WORK REQUEST >> Reproduce the listing below word for word, with no pictures.
=====
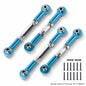 RCAWD ARRMA 3S Blue RCAWD Arrma 3S blx Vorteks Senton Granite upgrade turnbuckles link set AR330446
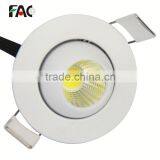 Zhongshan Guzhen Electric Lighting Adjustable Aluminum Spotlight Gu10 Led thumbnail-4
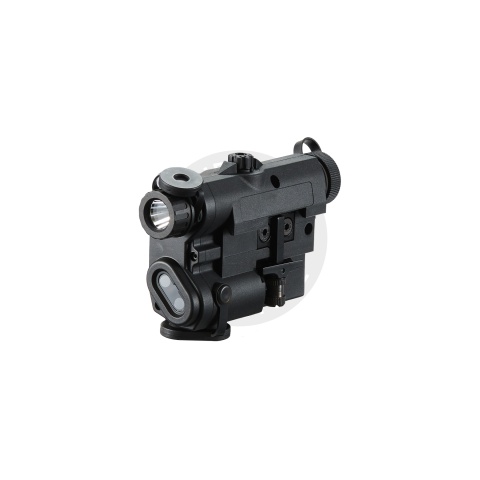 Atlas Custom Works LA-PEQ15 LED Light / Red Laser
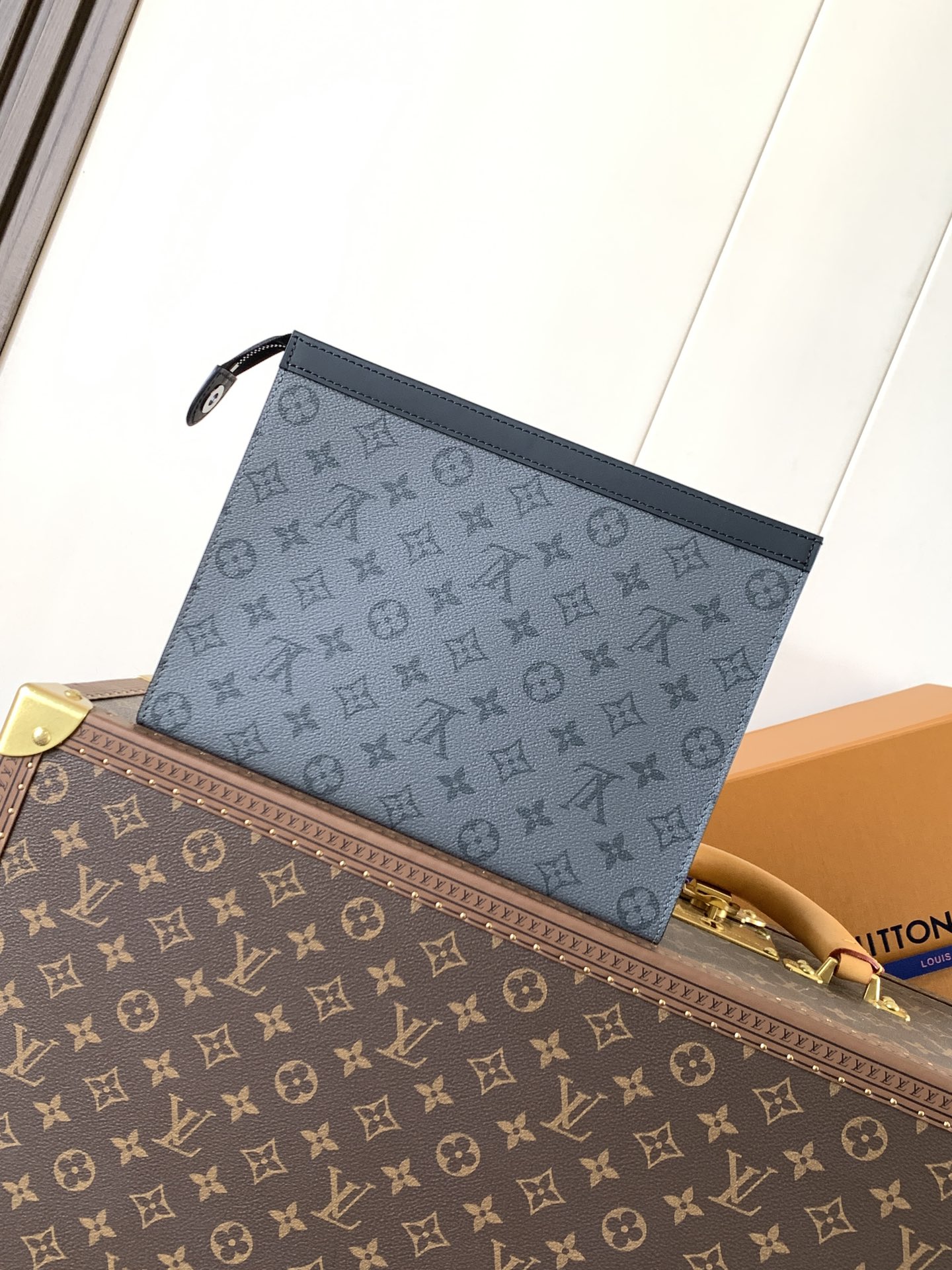 LV Monogram Macassar M61692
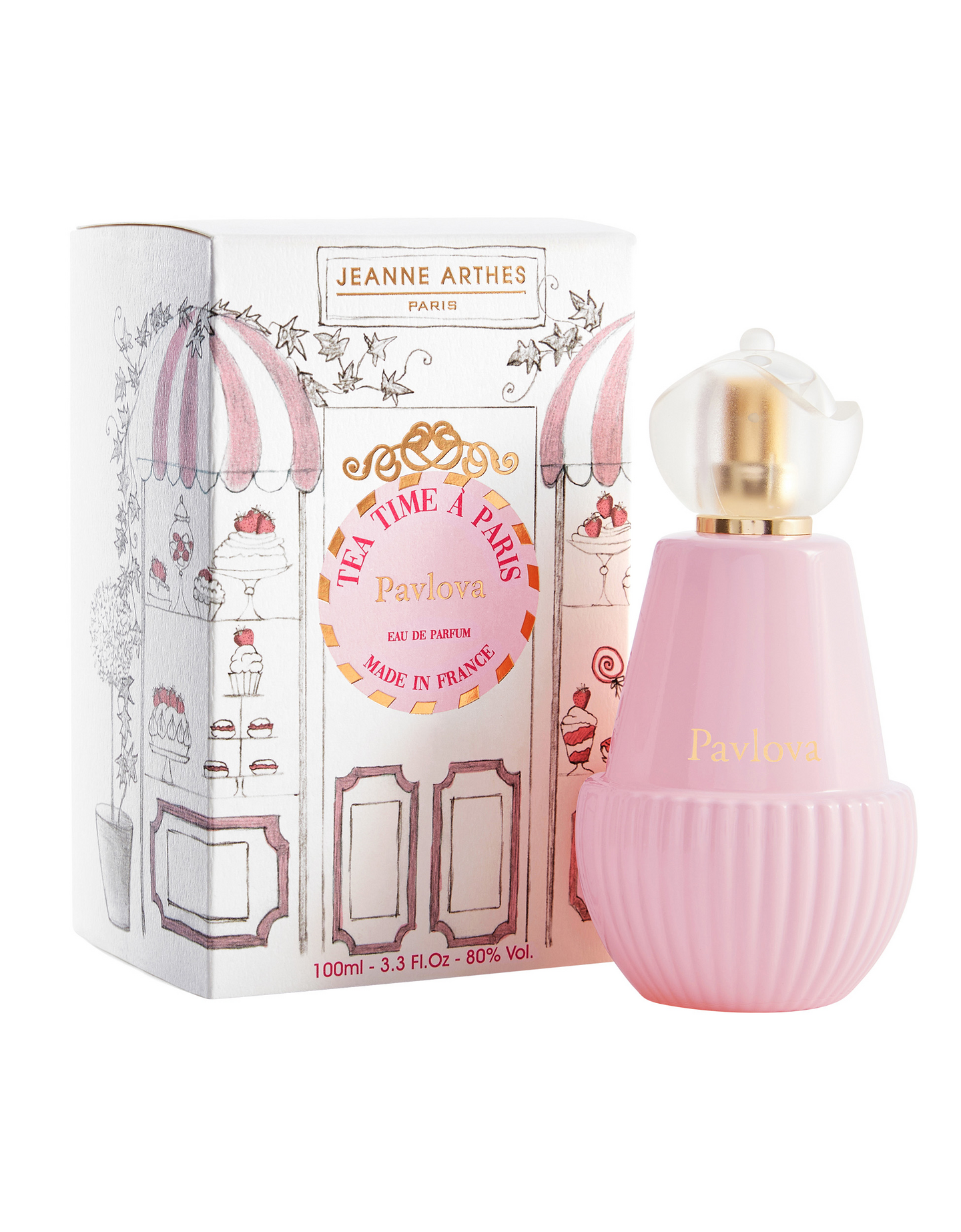 Jeanne Arthes FWL Pavlova EdP 100ml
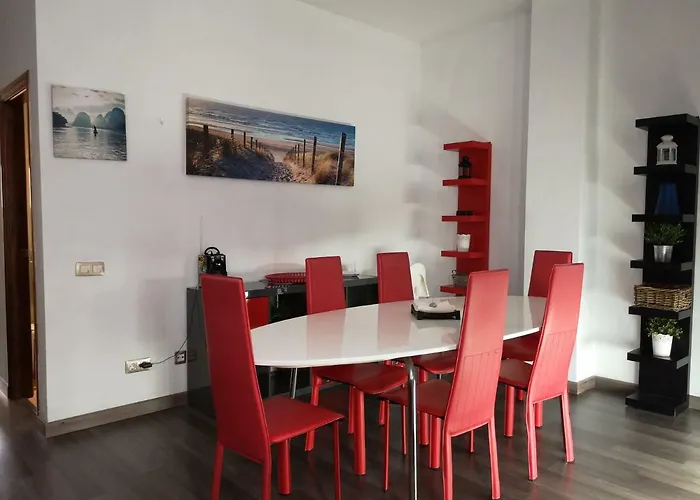 Camarotes 17 Y 28 Λας Πάλμας ντε Γκραν Κανάρια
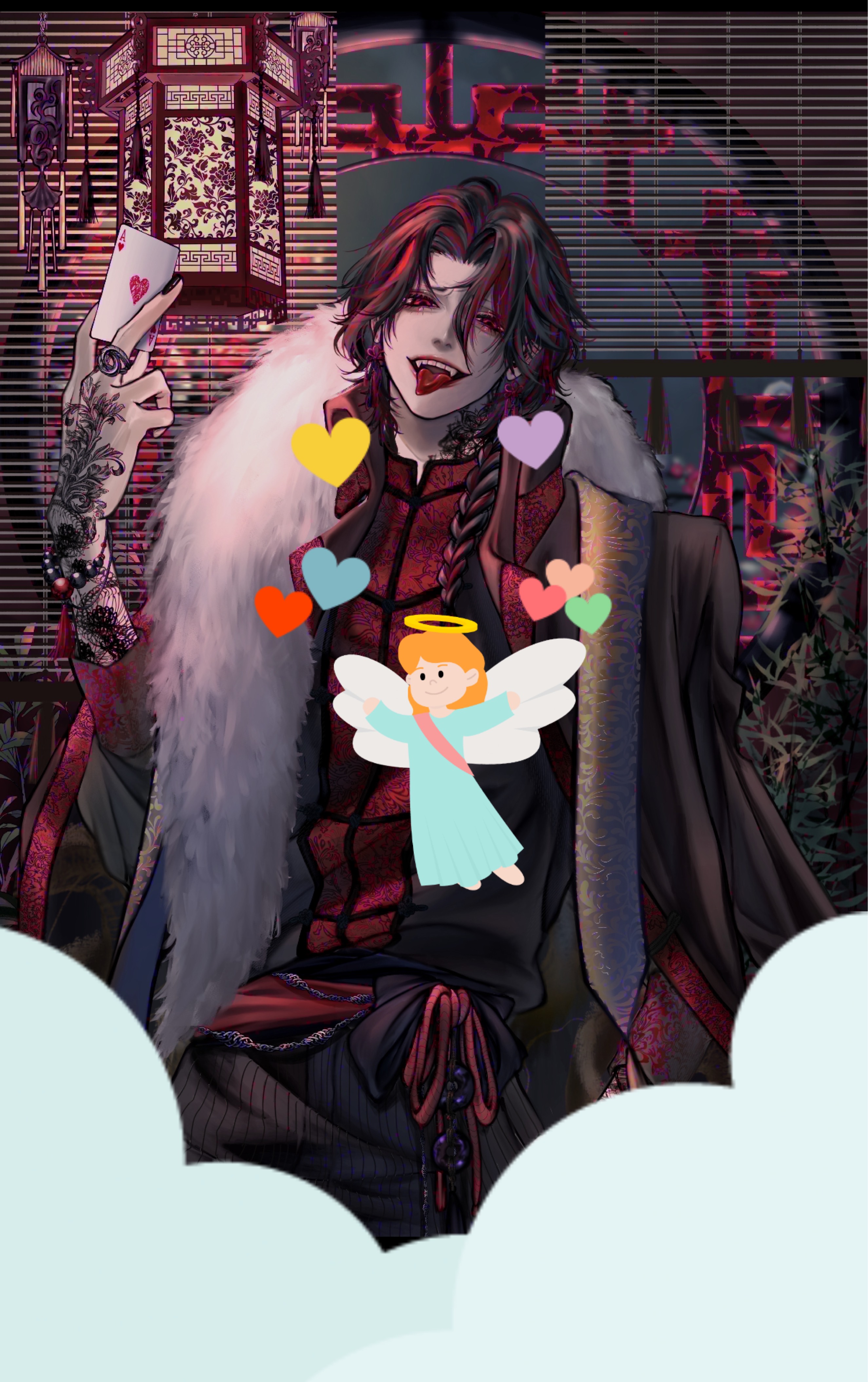 居場所ない人ココ🈁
=====
ANSWER BELOW >>
 RCAWD ARRMA 3S Blue RCAWD Arrma 3S blx Vorteks Senton Granite upgrade turnbuckles link set AR330446
 Zhongshan Guzhen Electric Lighting Adjustable Aluminum Spotlight Gu10 Led thumbnail-4
 Atlas Custom Works LA-PEQ15 LED Light / Red Laser
 LV Monogram Macassar M61692
 Jeanne Arthes FWL Pavlova EdP 100ml
 Camarotes 17 Y 28 Λας Πάλμας ντε Γκραν Κανάρια
 居場所ない人ココ🈁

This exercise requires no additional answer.